Les concierges Andrés Fraguas, 19 ans, et Carlos Barranco, 18 ans, se trouvaient depuis une demi-heure, avec le chef des services généraux, Juan Antonio Sampedro, 34 ans, au quatrième étage de l’immeuble, alors dédié aux tâches administratives. Ils classaient le courrier livré par l’estafette postale, afin de pouvoir le distribuer. À un moment donné, Barranco est seul à réaliser cette tâche. C’est lui qui saisit le colis dans la sacoche de la Poste.
Celui-ci mesure environ 10 centimètres sur 15, et quatre ou cinq centimètres d’épaisseur. Il affiche le logo de la société IBM et est adressé à Julián García Candau, rédacteur en chef de la matinée. Le concierge Carlos Barranco retire les ficelles rouges et ouvre l’emballage jaune. Il contient une boîte en bois. Sur l’un des côtés, à travers un petit trou, on aperçoit des câbles. Il pose alors le paquet sur la table et fait part de ses soupçons à Juan Antonio Sampedro.
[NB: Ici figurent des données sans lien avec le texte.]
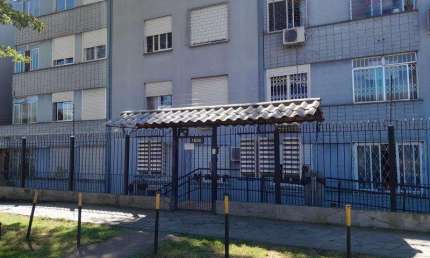 Ótimo apto térreo com 1dormitório, sala, cozinha, banheiro, área de serviços e estacionamento rotativo, dormitório com máveis sob medida , ar Split, cozinha com móveis sob medida, pia com tampo em gra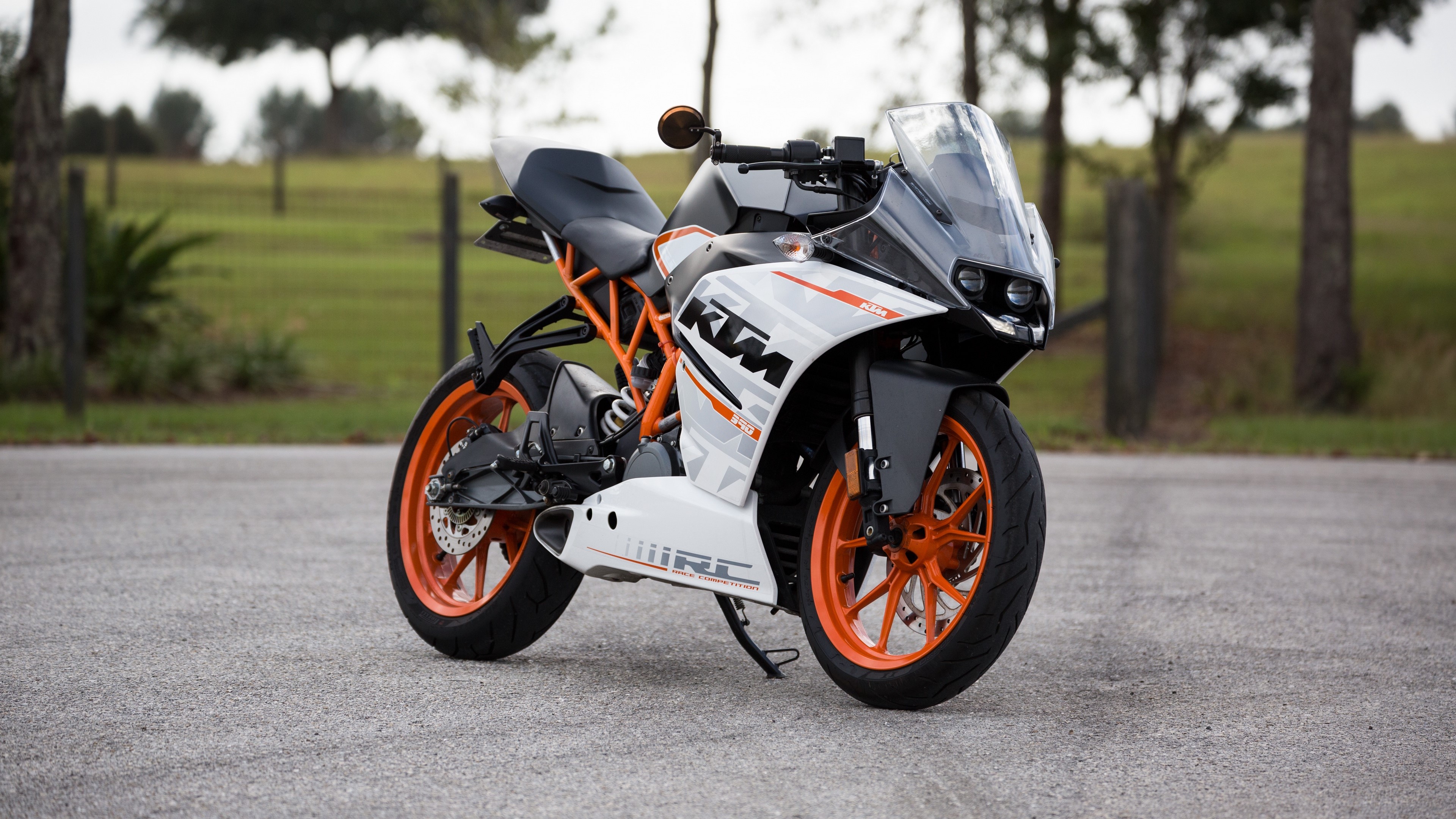 KTM RC 390 motorcycle side view 4K HD Wallpaper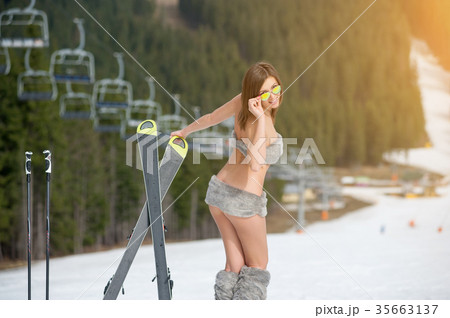 Sexy woman skier on snowy slope at ski resort 35663137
Debout devant lui, ce dernier habitué aux fausses alertes et aux menaces, se met à ouvrir la boîte. À côté de lui, assis, Andrés Fraguas. Mi-sérieux mi-amusé, Carlos Barranco refait ce qu’il avait fait à maintes reprises et dit qu’il va se mette sous la table, au cas où. Il commençait à peine à se baisser que la bombe a explosé. La forte déflagration arrache la main gauche de Sampedro et une partie de sa main droite et fait éclater son paquet intestinal. Elle détruit les poumons de Fraguas qui décède deux jours après l’attentat ; Barranco, quant à lui, est blessé aux deux yeux. Contrairement à Andrés Fraguas, Sampedro et Barranco survivent à l’attentat.
Le lendemain, EL PAÍS était dans les kiosques. À la une, les travailleurs titraient « Le prix fort ». L’article traduisait l’esprit de la Transition. Face aux terroristes qui attisaient la peur au sein de la société et tentaient d’empêcher la consolidation de la démocratie et d’enrayer le courage des défenseurs des libertés recouvrées après des années de dictature. Dans une autre perspective, Francisco Umbral publiait : « La mort chez nous, la mort au journal, me vide de l’intérieur ; ce vide que laisse toujours la mort ».
Les auteurs de l’attentat, Pedro Bel-Fernández, Rafael Gómez-Álvarez et Ramiro Rodríguez-Borlado, sont condamnés à 30 ans de prison par la Audiencia Nacional. Ces mêmes individus sont également les responsables de quelques actions qui comptent parmi les plus sanglantes de l’extrême droite. Ils sont condamnés pour leurs actes à 81, 103 et 80 ans respectivement, bien qu’en vertu de l’ancien Code pénal, le maximum à purger sera de 30 ans.